In plain terms: The law should not change depending on your class, zip code, job title, or party alignment.
Current politics example: In ethics enforcement for public officials, this rule supports applying conflict-of-interest and disclosure standards with the same rigor used for ordinary citizens and private actors.
Beneficial advantage: It improves trust in institutions and reduces the perception that rules are selectively enforced.
02
Maximum freedom under non-harm
Rule: Constrain action only to prevent coercion, fraud, violence, or clear externalized harm.
In plain terms: Government should not micromanage choices unless those choices are actively harming others.
Current politics example: In housing and licensing debates, this rule favors removing low-value restrictions while preserving targeted health and safety protections.

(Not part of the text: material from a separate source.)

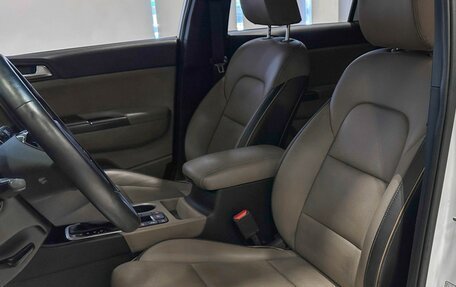 KIA Sportage IV рестайлинг, 2019 год, 2 490 000 рублей, 11 фотография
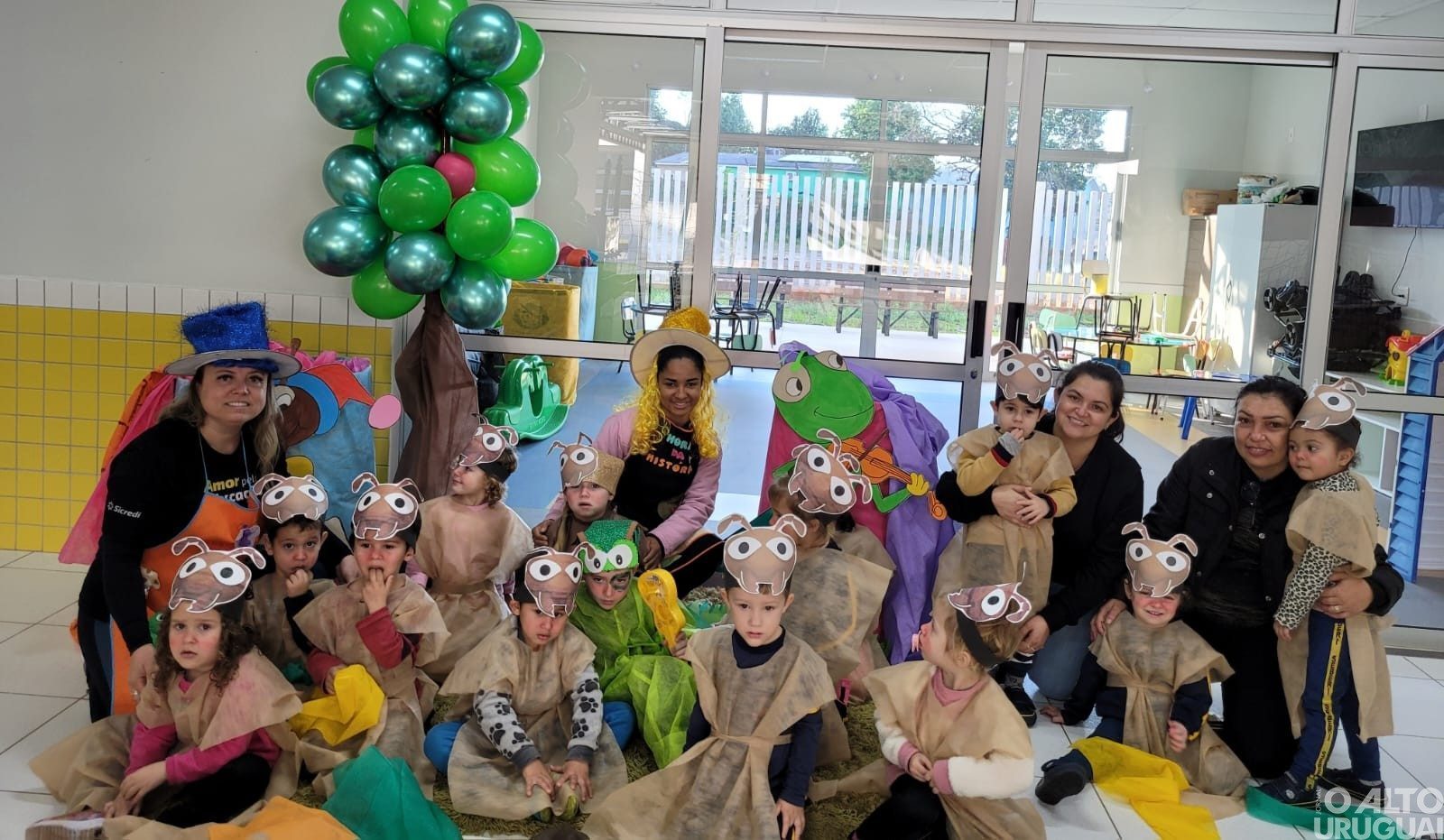 Seberi: Alunos da Escola Amália Gemelli Bottan realizam peça teatral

Beneficial advantage: It lowers regulatory drag, expands opportunity, and keeps enforcement focused on real harm.
03
Reciprocity and contribution
Rule: Able-bodied adults are expected to contribute through work, care, training, or civic service.
In plain terms: If you can participate, society should expect meaningful participation.

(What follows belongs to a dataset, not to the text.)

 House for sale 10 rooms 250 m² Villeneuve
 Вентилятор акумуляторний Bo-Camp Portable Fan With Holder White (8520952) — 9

Current politics example: In workforce policy, this rule supports pairing benefits with training, job placement, or service pathways instead of passive long-term status.
Beneficial advantage: It raises labor participation and preserves social solidarity between contributors and recipients.
04
Leave no one behind, non-paternalistically
Rule: Support is targeted, temporary by default, and oriented to reintegration.
In plain terms: Help should be real and humane, but designed to restore agency as fast as possible.
Current politics example: In homelessness and addiction policy, this rule supports combined housing, treatment, and reintegration plans with clear transition milestones.
Beneficial advantage: It reduces chronic dependency while improving long-term recovery outcomes.
05
Clear exceptions
Rule: Exceptions must be legible, auditable, and tied to remediation.
In plain terms: Special cases are allowed, but they cannot be vague black boxes.
Current politics example: In immigration, disability, and hardship-waiver systems, this rule favors published criteria, transparent review timelines, and appeal paths.
Beneficial advantage: It reduces arbitrariness, lowers corruption risk, and makes systems easier to improve.
06
Subsidiarity
Rule: Solve problems at the lowest competent level; escalate only when scale requires it.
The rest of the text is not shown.